Technology is moving forward at a rapid pace, and we do our best to deliver the inside info on these new technologies to our readers as quickly and effectively as possible. When we heard about these new ready-to-assemble piston kits coming from Mahle, we had to get a closer look.

Under normal circumstances, pistons are far from being ready to install when you receive them. This is because of the fine-tuning most custom parts require before actually being installed into a working engine. Whether it be machine work on the valve notches, simple smoothing of sharp edges, or weight and balance machining, pistons normally see some type of effort and input prior to getting hung on the rods. These processes are not necessary with the new PowerPak piston kits from Mahle.

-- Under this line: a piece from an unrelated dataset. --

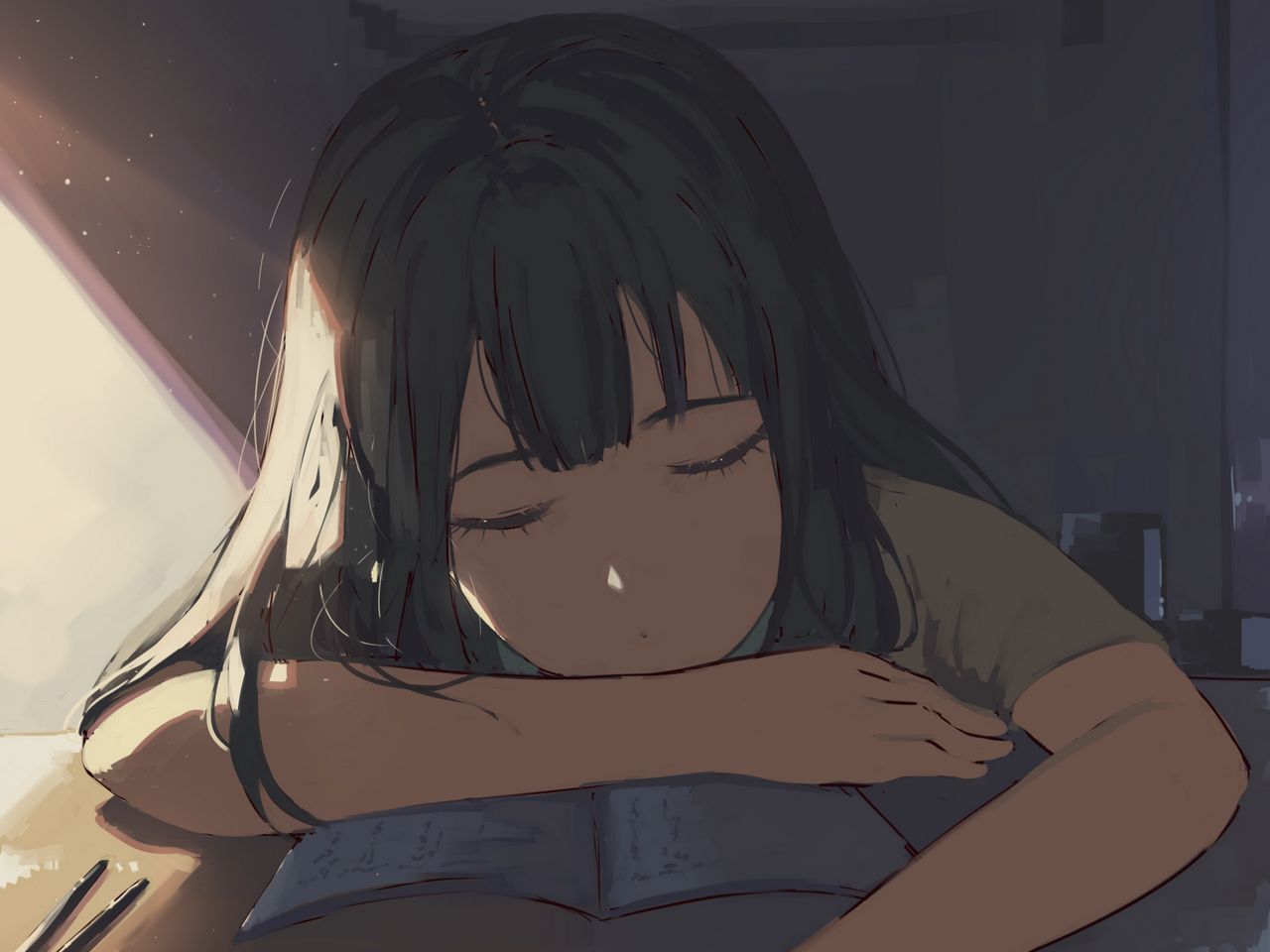 Download wallpaper x girl sleep study anime standard hd background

As various types of engine coatings have become more common, this step is elbowing its way into the regular list of "must-do" items accompanying new pistons. Many builders have seen the increased compression ratios possible with coated parts, and the benefits of friction-reducing coatings on piston skirts is well-documented. Sharp builders have learned how critical temperature control inside the combustion chamber is, and coated pistons (along with coated chambers and valves) go a long way toward keeping detonation at bay and making each pistons contribution to the torque at the flywheel more consistent from cylinder to cylinder.

Mahle pistons are much more common in European racing, and they are making a bold statement in domestic race markets as well. Their precision manufacturing and complete "ready to run" status is finding favor with race engine builders, and now this level of convenience is being made readily available to street enthusiasts as well.

Mahle's new piston kits are pre-weighed, completely finished, treated with both friction reducing and thermal barrier coatings, and shipped with pre-fitted pins. They are literally ready to be washed, have the rings (which are included) installed, and be hung on the rods ready for installation.

If you compare prices, you'll find Mahle's kits are more expensive than other manufacturers parts. When considering the time saved by not having to go through a lengthy preparation procedure prior to installation, and not having to wait for the parts to get coated, money can actually be saved in the long run. Mahle has begun releasing kits for the most popular domestic applications, and we took a look at one of its typical small-block Chevy kits; this one for a .040-inch overbored 350 or 327 (4.040-inch bore size).